■ **Work to complete**:
Omit the pictures and output exactly the lines from the start of the entries through the line containing "School Health Officer".

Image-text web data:
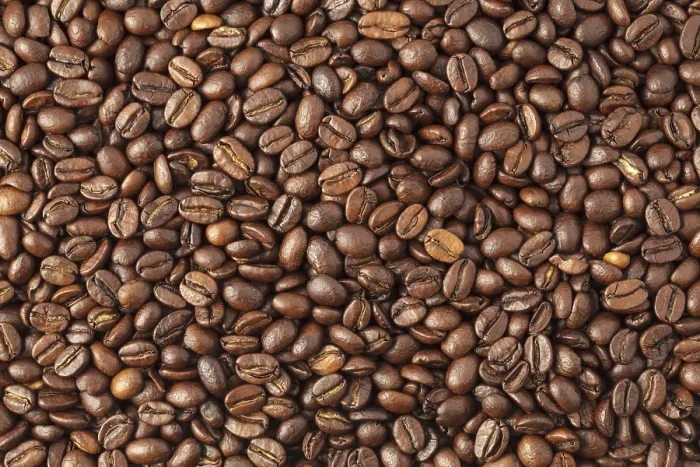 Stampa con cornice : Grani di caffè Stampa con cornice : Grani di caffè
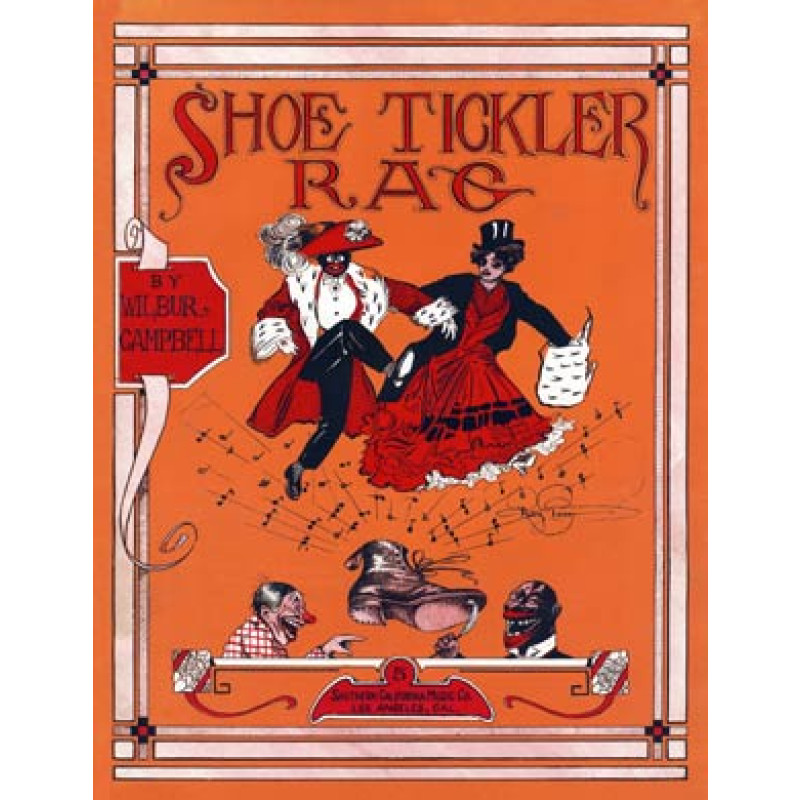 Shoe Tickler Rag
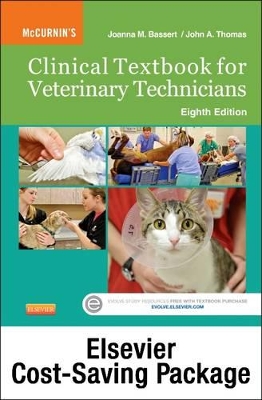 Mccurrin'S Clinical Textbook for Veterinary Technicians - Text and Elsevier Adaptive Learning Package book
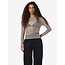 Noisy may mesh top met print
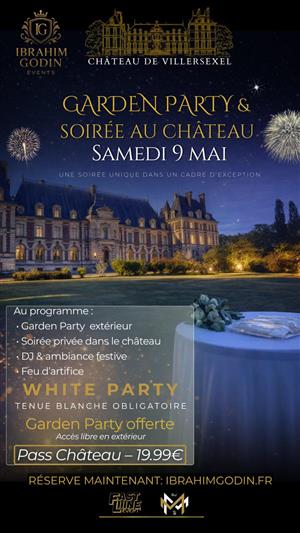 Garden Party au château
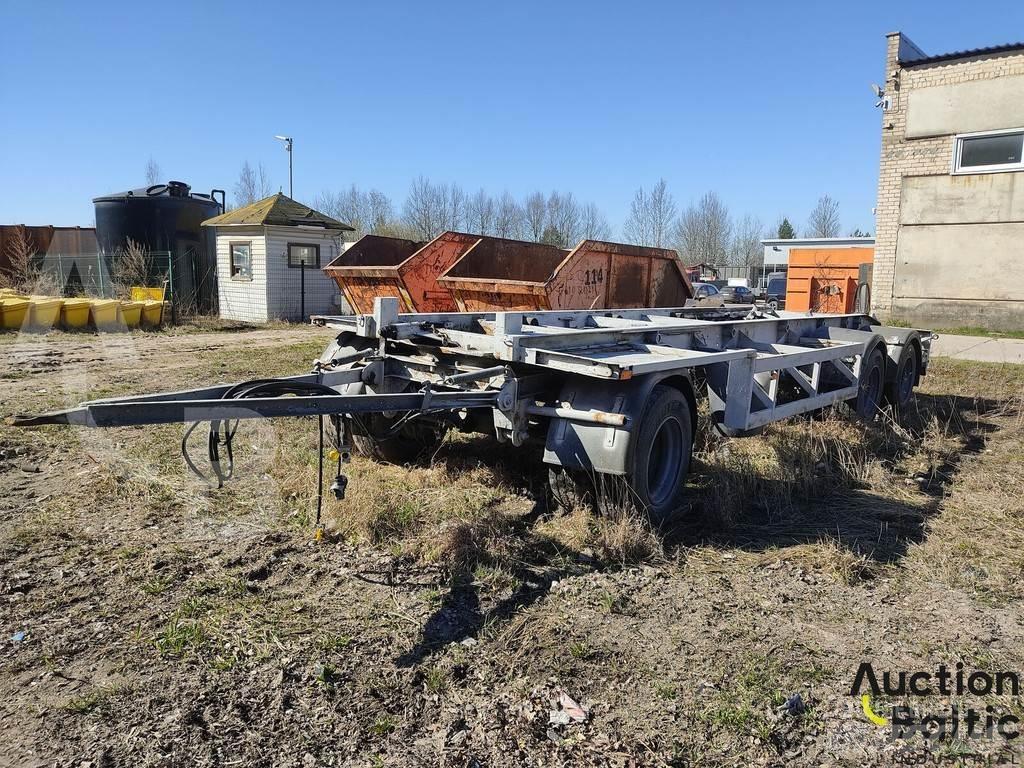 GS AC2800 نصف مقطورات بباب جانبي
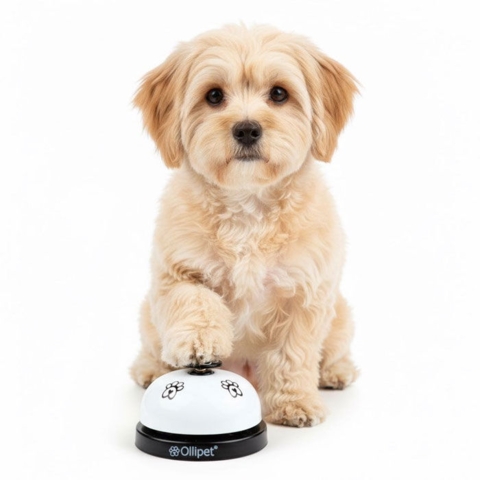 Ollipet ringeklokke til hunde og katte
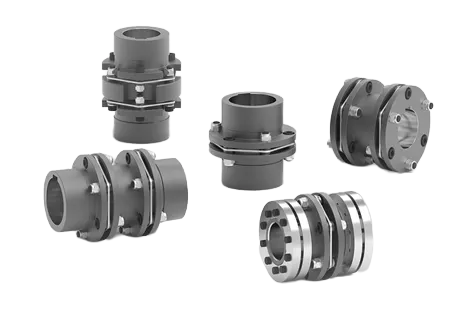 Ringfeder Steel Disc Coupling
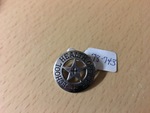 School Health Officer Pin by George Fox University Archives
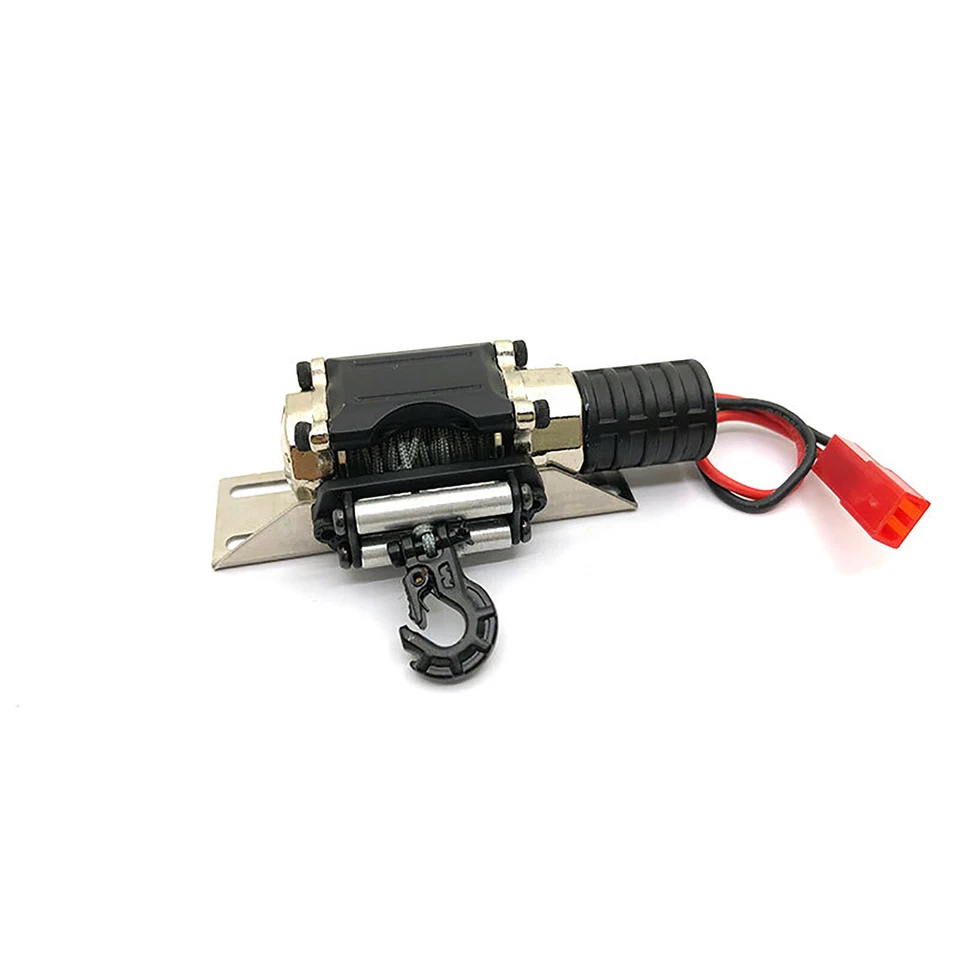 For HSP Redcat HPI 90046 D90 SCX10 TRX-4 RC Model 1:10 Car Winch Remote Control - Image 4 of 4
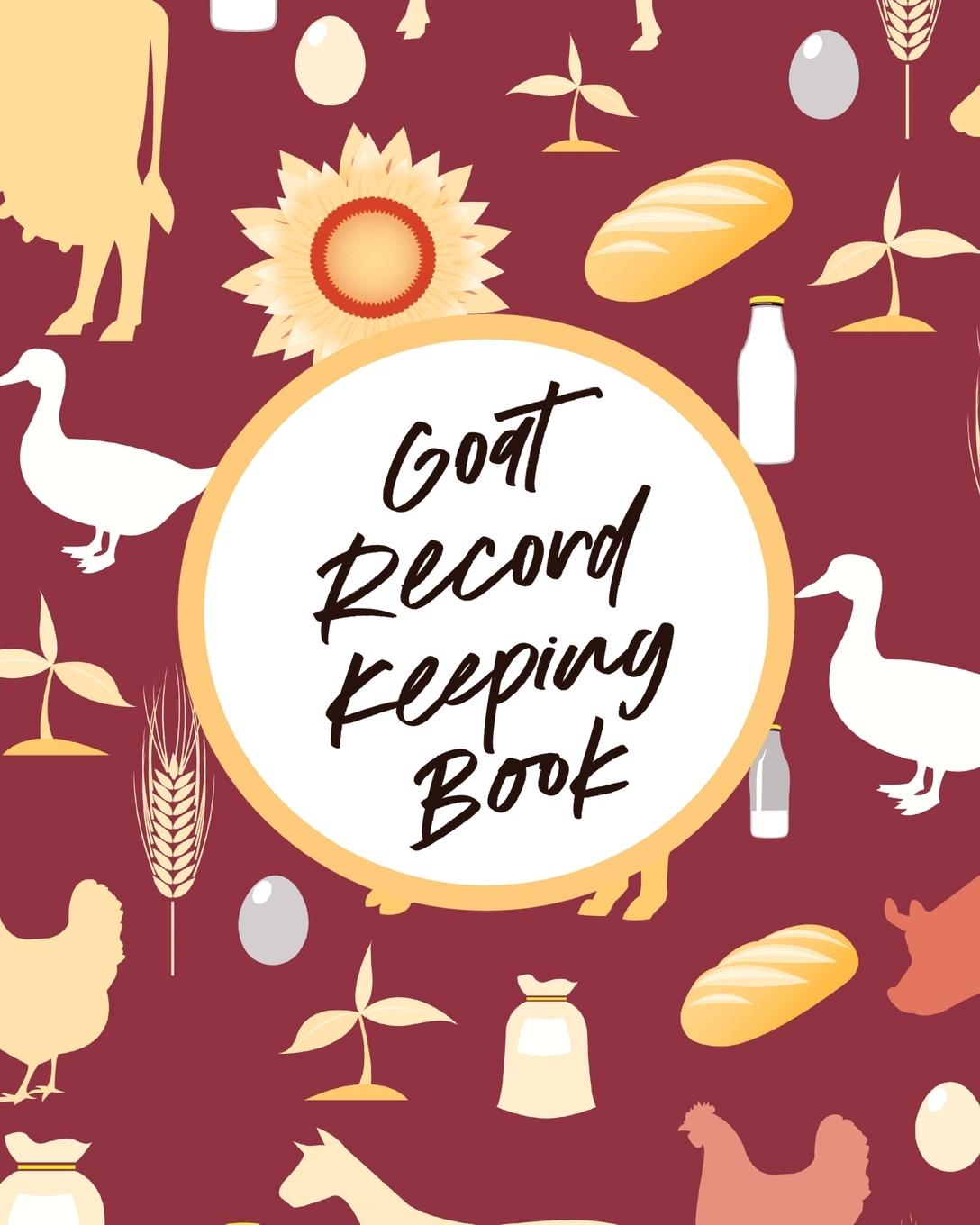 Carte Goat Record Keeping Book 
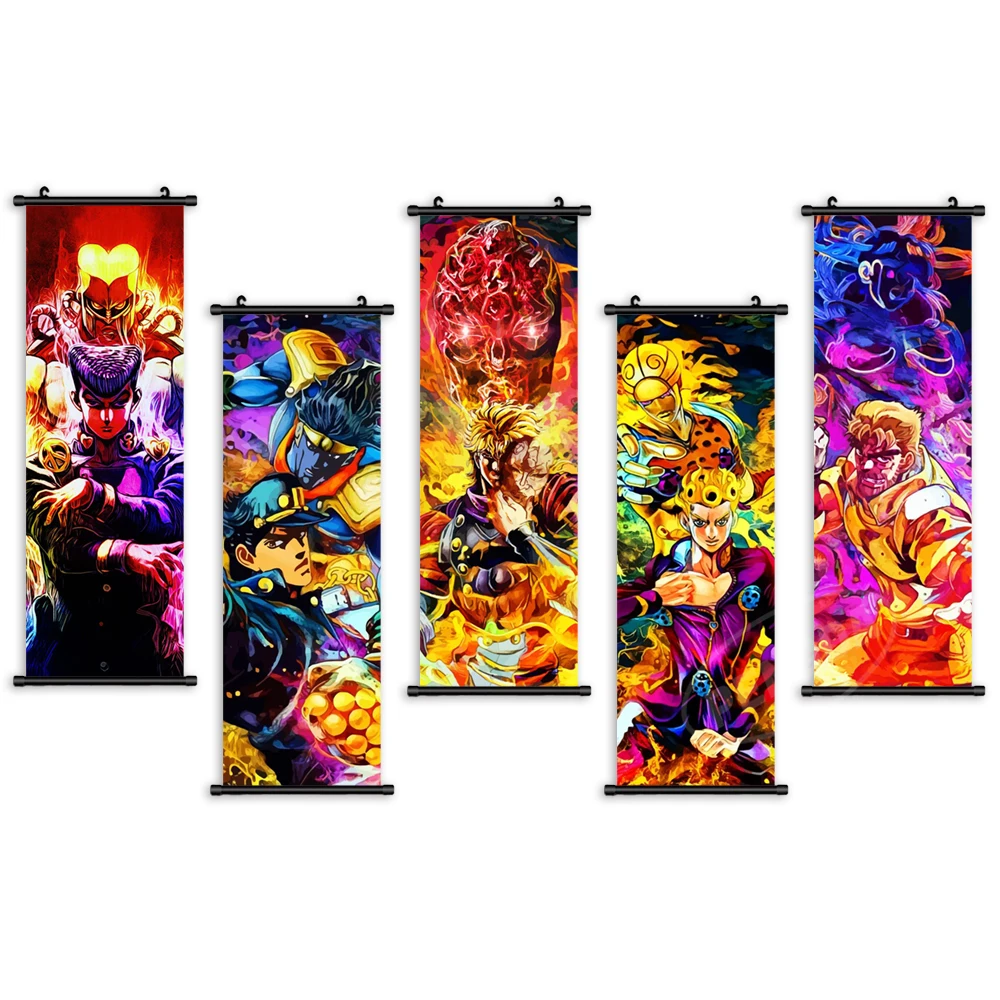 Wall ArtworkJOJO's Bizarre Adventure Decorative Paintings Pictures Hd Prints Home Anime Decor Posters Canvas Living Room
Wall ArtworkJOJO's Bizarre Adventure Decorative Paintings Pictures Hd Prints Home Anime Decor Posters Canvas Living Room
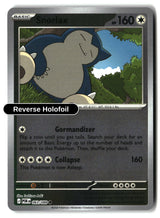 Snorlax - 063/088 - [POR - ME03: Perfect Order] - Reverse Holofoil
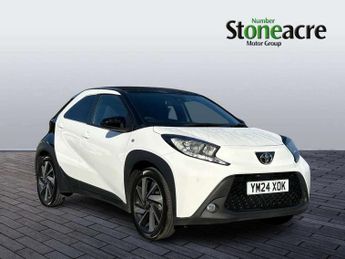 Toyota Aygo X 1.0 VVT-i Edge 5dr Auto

■ **Response area**:
 Stampa con cornice : Grani di caffè Stampa con cornice : Grani di caffè
 Shoe Tickler Rag
 Mccurrin'S Clinical Textbook for Veterinary Technicians - Text and Elsevier Adaptive Learning Package book
 Noisy may mesh top met print
 Garden Party au château
 GS AC2800 نصف مقطورات بباب جانبي
 Ollipet ringeklokke til hunde og katte
 Ringfeder Steel Disc Coupling
 School Health Officer Pin by George Fox University Archives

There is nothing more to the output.